Here's how it works:

1) Divide the 14 non-playoff teams into two brackets containing 7 teams each (one bracket for each conference).

2) In each bracket, the teams with the most regular-season wins play each other in a 1-game playoff. The loser goes home and the winner advances to play the team with the next best regular-season record.

3) Continue until you have one winner from each conference. These two teams play head-to-head in a "Championship Game" for the #1 pick.

4) Award the remaining picks according to how far each team advanced in the NBA Draft Tournament.

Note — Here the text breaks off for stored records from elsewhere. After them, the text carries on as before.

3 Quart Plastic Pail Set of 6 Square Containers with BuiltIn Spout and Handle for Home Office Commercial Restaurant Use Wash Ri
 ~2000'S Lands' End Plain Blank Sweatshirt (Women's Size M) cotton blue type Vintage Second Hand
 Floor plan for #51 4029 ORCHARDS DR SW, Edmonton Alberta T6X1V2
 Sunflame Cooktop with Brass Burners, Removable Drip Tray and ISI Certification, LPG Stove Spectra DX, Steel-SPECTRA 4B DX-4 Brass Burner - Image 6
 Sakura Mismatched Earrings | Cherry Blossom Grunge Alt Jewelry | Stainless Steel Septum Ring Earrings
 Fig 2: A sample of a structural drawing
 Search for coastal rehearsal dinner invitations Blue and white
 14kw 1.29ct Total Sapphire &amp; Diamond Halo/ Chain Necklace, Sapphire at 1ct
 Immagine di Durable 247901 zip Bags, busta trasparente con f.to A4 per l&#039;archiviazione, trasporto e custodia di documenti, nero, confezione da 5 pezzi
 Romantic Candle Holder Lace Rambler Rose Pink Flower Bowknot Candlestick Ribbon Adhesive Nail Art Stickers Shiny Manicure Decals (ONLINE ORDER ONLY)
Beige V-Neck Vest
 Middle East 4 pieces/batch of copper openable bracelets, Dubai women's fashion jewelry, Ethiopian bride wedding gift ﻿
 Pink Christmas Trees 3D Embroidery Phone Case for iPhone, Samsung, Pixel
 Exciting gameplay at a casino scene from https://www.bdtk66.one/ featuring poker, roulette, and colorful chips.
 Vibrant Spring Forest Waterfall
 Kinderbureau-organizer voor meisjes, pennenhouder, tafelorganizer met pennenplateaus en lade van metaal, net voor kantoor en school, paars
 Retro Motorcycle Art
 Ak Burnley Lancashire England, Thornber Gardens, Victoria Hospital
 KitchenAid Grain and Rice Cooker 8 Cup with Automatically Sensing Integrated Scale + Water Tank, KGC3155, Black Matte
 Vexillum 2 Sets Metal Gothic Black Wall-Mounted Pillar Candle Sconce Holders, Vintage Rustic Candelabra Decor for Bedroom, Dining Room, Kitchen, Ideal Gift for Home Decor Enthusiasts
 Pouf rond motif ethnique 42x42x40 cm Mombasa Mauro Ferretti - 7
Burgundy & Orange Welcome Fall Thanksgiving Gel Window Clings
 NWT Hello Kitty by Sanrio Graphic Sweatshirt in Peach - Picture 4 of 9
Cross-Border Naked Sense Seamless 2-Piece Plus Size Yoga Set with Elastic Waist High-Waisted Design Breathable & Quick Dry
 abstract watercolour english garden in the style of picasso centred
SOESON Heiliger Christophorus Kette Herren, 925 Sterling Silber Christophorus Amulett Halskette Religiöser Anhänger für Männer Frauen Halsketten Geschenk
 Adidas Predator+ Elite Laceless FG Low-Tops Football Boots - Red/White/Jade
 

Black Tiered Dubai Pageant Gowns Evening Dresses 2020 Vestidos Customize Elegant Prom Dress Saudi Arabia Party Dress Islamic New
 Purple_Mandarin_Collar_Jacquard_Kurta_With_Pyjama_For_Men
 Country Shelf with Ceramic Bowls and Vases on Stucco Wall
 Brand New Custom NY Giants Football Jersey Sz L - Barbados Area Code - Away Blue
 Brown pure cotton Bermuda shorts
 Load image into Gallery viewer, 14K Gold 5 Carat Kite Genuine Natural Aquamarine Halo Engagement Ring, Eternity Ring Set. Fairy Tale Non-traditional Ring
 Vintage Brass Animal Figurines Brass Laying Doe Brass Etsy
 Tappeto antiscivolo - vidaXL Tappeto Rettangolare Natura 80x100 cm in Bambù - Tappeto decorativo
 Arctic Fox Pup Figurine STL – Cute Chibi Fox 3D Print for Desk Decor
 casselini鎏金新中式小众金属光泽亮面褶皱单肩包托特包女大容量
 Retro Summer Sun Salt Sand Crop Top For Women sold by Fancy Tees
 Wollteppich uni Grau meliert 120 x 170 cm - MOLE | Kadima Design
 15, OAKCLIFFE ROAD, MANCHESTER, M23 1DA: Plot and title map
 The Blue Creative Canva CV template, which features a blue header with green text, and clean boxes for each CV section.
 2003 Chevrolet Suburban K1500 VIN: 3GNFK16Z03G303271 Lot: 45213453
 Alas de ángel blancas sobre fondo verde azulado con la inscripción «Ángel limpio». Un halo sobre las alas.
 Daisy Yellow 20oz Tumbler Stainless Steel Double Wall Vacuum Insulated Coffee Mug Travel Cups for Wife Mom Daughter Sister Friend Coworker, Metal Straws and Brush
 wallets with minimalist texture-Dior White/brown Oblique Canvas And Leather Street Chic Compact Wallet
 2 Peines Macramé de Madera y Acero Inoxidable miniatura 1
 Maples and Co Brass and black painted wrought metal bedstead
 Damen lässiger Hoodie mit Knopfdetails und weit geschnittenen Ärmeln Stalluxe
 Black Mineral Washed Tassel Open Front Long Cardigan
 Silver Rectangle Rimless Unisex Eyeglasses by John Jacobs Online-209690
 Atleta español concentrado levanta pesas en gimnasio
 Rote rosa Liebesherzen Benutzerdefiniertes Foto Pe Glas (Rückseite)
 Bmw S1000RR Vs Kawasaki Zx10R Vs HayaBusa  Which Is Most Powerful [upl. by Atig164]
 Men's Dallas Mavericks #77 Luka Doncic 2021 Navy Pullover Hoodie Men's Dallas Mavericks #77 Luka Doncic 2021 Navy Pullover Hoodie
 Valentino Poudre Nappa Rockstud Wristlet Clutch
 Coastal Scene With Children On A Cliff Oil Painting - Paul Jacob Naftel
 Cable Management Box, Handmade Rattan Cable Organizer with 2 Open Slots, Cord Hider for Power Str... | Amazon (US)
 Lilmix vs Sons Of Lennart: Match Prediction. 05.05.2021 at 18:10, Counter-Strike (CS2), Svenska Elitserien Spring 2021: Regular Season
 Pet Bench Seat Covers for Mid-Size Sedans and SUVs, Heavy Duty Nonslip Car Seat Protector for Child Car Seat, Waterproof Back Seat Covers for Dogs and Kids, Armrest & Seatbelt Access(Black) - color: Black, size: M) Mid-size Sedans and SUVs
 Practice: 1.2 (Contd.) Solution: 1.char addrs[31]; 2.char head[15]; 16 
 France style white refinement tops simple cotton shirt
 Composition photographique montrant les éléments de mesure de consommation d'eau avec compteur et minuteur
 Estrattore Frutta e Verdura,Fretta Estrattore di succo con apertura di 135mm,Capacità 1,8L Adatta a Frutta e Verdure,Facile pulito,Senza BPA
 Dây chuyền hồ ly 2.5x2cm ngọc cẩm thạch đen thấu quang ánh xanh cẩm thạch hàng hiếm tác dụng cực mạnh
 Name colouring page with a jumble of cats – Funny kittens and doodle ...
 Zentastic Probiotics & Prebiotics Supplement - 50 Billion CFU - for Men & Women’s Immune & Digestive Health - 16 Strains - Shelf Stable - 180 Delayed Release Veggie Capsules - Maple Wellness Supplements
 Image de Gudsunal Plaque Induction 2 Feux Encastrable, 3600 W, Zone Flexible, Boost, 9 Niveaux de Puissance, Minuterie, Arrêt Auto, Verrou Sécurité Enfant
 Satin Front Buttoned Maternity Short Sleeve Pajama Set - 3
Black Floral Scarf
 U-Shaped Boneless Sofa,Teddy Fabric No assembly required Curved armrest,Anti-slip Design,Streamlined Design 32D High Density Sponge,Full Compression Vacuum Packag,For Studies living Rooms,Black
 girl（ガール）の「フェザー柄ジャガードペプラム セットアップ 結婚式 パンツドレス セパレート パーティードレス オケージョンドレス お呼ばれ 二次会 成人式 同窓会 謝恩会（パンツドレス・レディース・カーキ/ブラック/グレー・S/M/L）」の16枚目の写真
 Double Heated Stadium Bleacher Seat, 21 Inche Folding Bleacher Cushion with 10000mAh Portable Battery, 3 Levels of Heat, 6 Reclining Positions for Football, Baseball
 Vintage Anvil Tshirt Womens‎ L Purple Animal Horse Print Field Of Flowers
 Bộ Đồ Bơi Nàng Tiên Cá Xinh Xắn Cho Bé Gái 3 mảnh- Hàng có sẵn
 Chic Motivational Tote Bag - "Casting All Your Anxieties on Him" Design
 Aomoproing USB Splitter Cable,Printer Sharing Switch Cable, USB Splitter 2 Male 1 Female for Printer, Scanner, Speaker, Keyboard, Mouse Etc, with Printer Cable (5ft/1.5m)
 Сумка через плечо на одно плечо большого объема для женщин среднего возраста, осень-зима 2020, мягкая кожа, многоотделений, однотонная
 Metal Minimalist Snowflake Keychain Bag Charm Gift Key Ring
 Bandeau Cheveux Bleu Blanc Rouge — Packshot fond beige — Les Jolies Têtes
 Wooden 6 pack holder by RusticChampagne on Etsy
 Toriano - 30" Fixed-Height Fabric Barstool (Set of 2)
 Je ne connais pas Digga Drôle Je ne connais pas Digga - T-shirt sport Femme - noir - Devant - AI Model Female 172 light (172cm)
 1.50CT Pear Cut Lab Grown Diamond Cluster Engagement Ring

For example, these are what the brackets would have been for the 2014 NBA Draft Tournament:

Western Conference
Eastern Conference
Game #1
Phoenix Suns (48-34)
Minnesota Timberwolves (40-42)
Game #2
New York Knicks (37-45)
Cleveland Cavaliers (33-49)
Game #3
Winner of Game #1 (above)
  Denver Nuggets (36-46)
Game #4
Winner of Game #2 (above)
Detroit Pistons (29-53)
Game #5
Winner of Game #3 (above)
 New Orleans Pelicans (33-49)
Game #6
Winner of Game #4 (above)
Boston Celtics (25-57)
Game #7
Winner of Game #5 (above)
 Sacramento Kings (28-54)
Game #8
Winner of Game #6 (above)
Orlando Magic (23-59)
Game #9
Winner of Game #7 (above)
Los Angeles Lakers (27-55)
Game #10
Winner of Game #8 (above)
Philadelphia 76ers (19-63)
Game #11
Winner of Game #9 (above)
 Utah Jazz (25-57)
Game #12
Winner of Game #10 (above)
Milwaukee Bucks (15-67)
Championship Game
Winner of Game #11
Winner of Game #12

But Is It "Fair"?

This tournament model has the advantage of maintaining the "integrity" of current system. In other words, the worst teams still have the best chance to earn the #1 pick. But they actually have to earn it -- on the basketball court.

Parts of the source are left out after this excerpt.